> _MATERIAL PROVIDED_

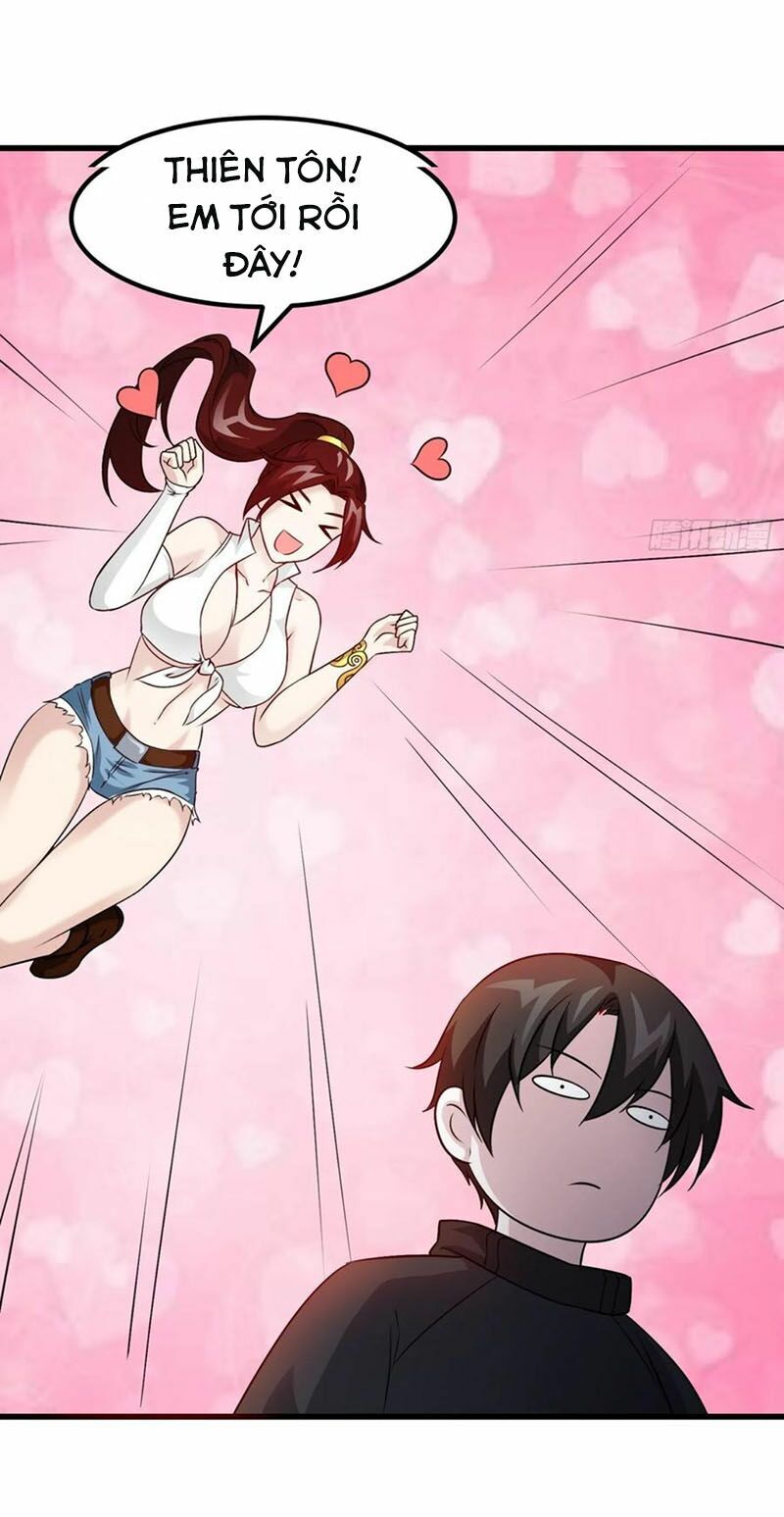 Ta Chẳng Qua Là Một Đại La Kim Tiên Chap 66 - Next Chap 67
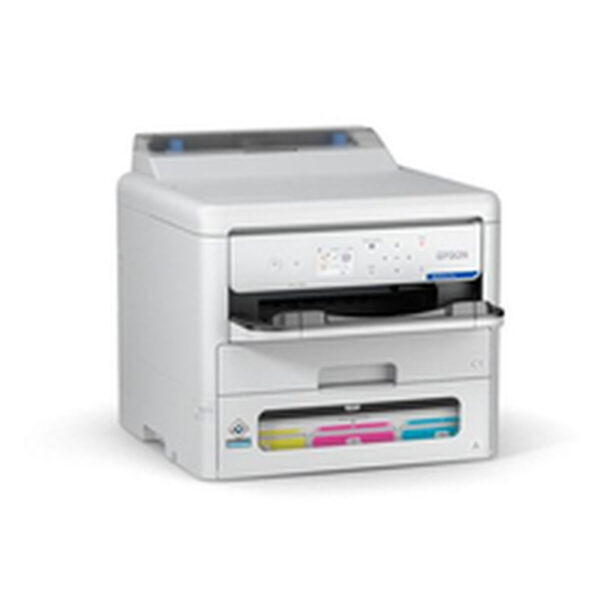 Multifunction Printer Epson WorkForce Pro EP-C800RDW - Image 6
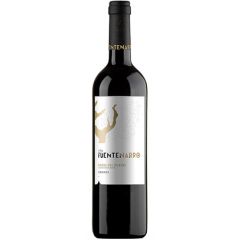 Viña Fuentenarro Crianza vino tinto Ribera del Duero Bodegas Fuentenarro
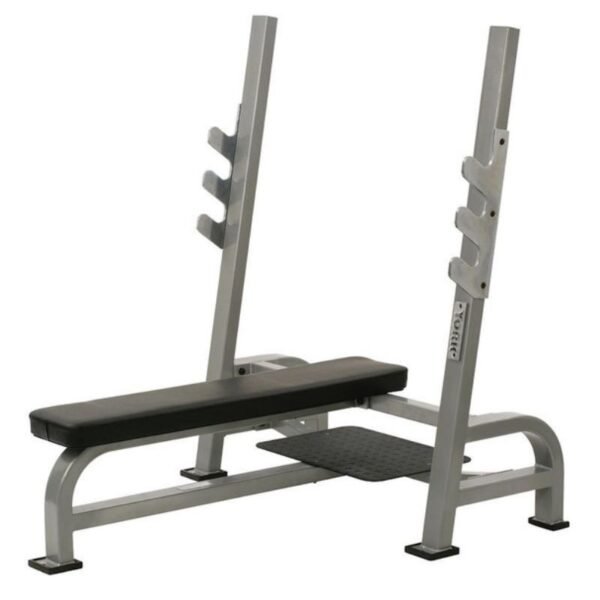 York Barbell (STS) Olympic Bench Press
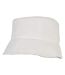 Sherpa Bucket Hat Black Off White Flexfit-3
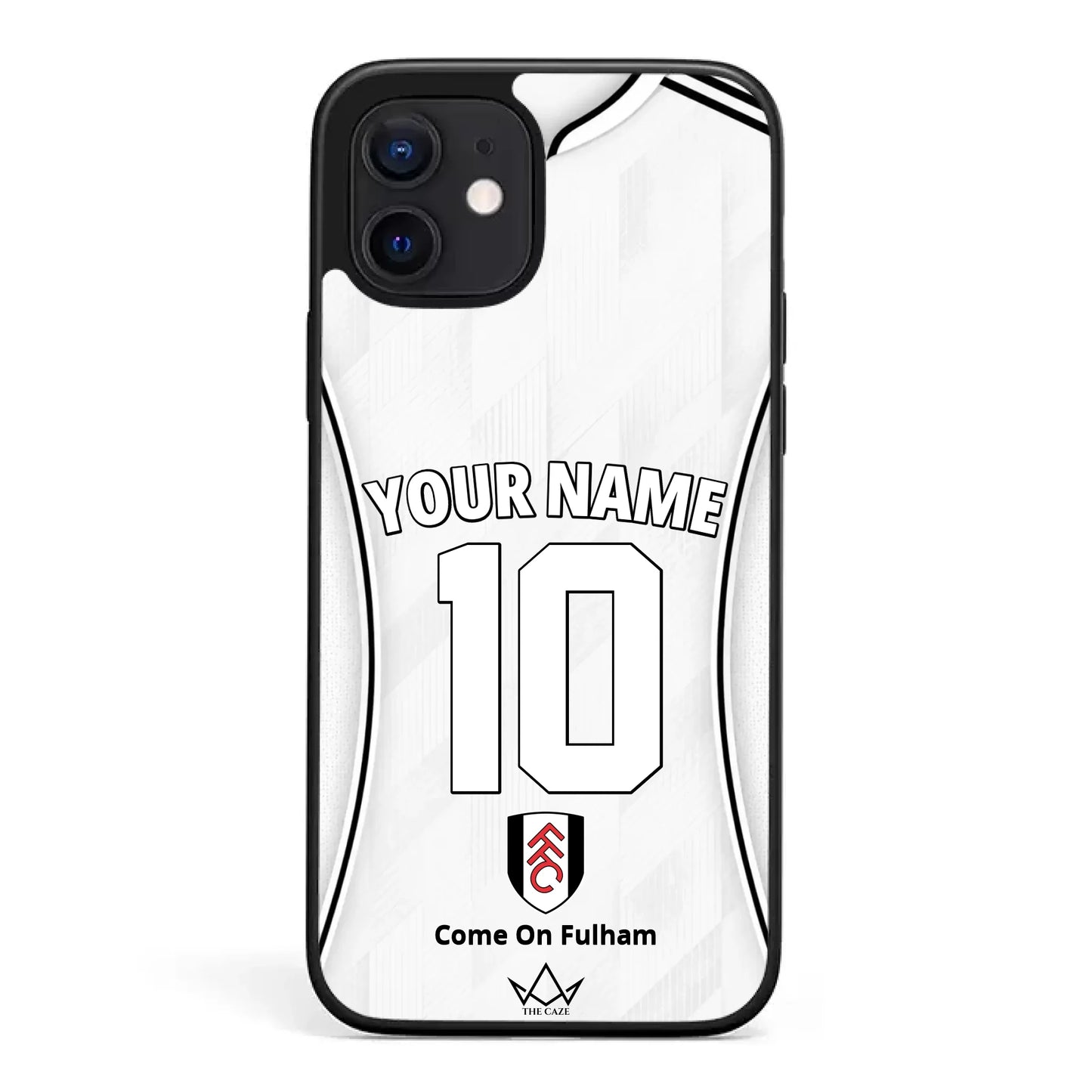 Custom phone case for IPhone 12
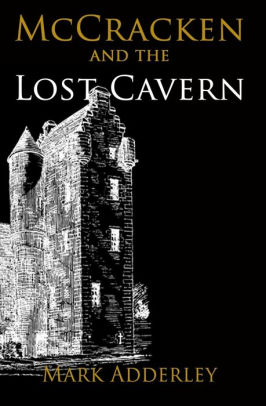 McCracken and the Lost Cavern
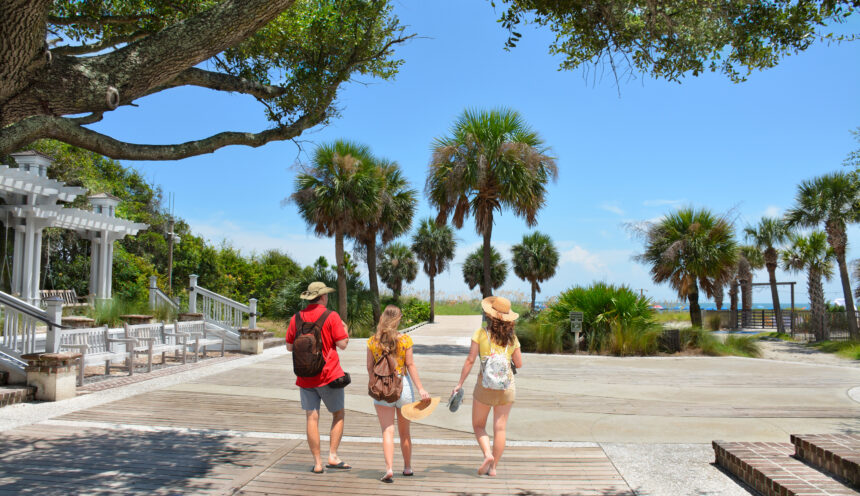 Explore Hilton Head: Where Dreams Meet the Sea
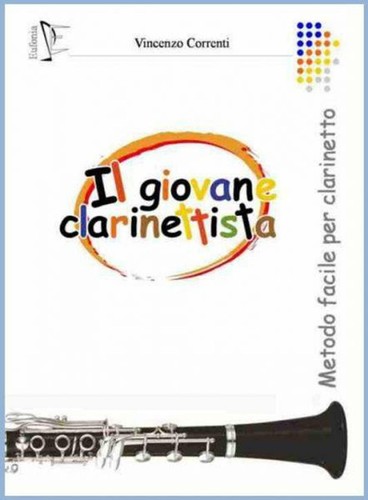 Giovane clarinettista - giovane,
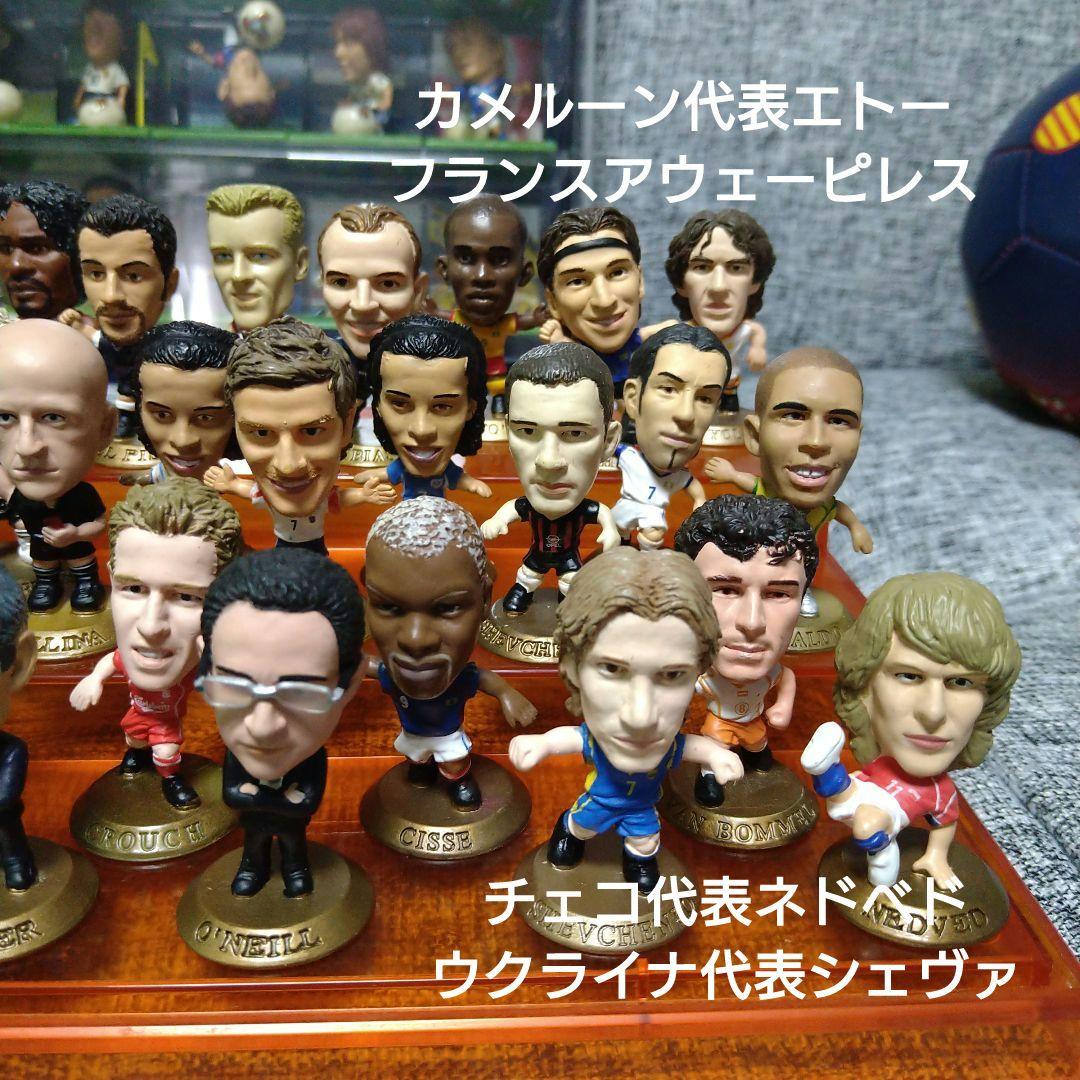 コリンシアンミニチュアーズ444体セット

> _WHAT IS EXPECTED_
An exact copy of the entries above, with no pictures, is the required answer.

> _ANSWER AREA_
 Ta Chẳng Qua Là Một Đại La Kim Tiên Chap 66 - Next Chap 67
 Multifunction Printer Epson WorkForce Pro EP-C800RDW - Image 6
 Viña Fuentenarro Crianza vino tinto Ribera del Duero Bodegas Fuentenarro
 York Barbell (STS) Olympic Bench Press
 Sherpa Bucket Hat Black Off White Flexfit-3
 Custom phone case for IPhone 12
 McCracken and the Lost Cavern
 Explore Hilton Head: Where Dreams Meet the Sea
 Giovane clarinettista - giovane,
 コリンシアンミニチュアーズ444体セット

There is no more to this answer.